Dia tak setuju, narapidana begitu mudahnya mendapatkan potongan masa tahanan. Hukuman dinilai menjadi percuma dan tak memberikan efek jera.
"Kan percuma juga kalau misalnya sudah dihukum oleh pengadilan 10 tahun tetapi 17 Agustus dapat (remisi), Natal dapat, Lebaran dapat, Galungan dapat. Ya untuk keagamaan saja itu kan banyak sekali ininya dan pembebasan bersyarat," imbuh Syarif.

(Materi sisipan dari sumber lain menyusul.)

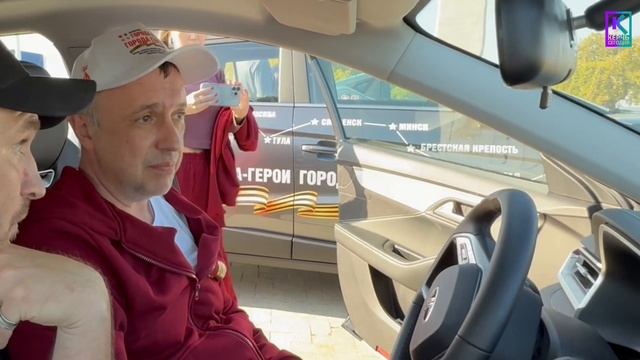 Российский космонавт Антон Шкаплеров приехал в Керчь на Москвиче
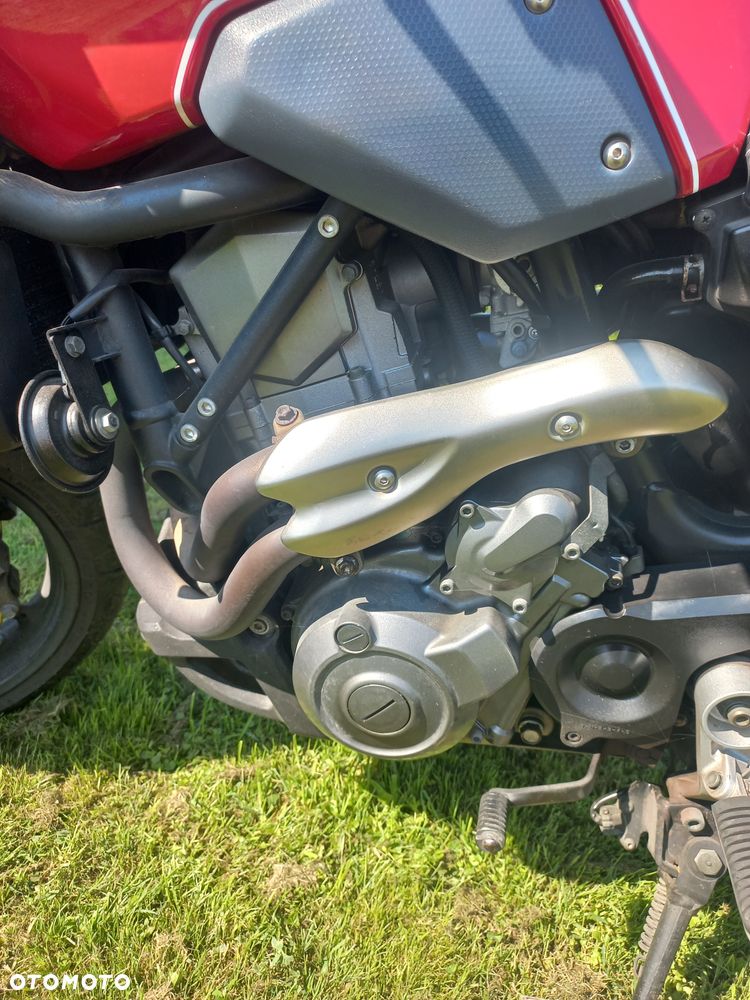 Yamaha MT - 19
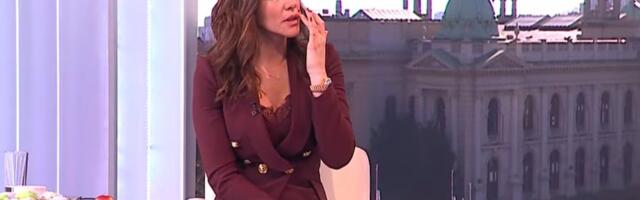 Voditeljka kida u topu i helankama: Pokazala paklene trbušnjake, mreže se usijale "Ima telo za desetku"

Remisi untuk Robert Tantular pun membuat iri Ketua Pembina Tim Pengacara Muslim (TPM) Mahendradatta yang membela Abu Bakar Ba'asyir. Dia membandingkan hukuman yang dijalani oleh Ba'asyir dengan Robert Tantular.
"Robert Tantular mendapatkan remisi hingga 77 bulan," katanya, Selasa malam 22 Januari 2019.
Sedangkan Ba'asyir yang menerima vonis 15 tahun penjara lantaran kasus terorisme hanya mendapatkan total remisi 20 bulan. Remisi itu diterima saat hari kemerdekaan dan hari besar agama.
Mahendradatta menyebut, Ba'asyir bisa saja bebas murni jika memperoleh remisi seperti yang diterima oleh Robert Tantular. "Bahkan tidak harus banyak-banyak, tidak perlu 77 bulan," katanya.
Namun Kemenkum HAM menegaskan, Ba'asyir tak banyak mendapatkan remisi seperti Robert. Sebab, Robert menjadi pendonor darah selama di lapas. Sementara Ba'asyir, tidak karena usia yang tak lagi bisa melakukan donor darah.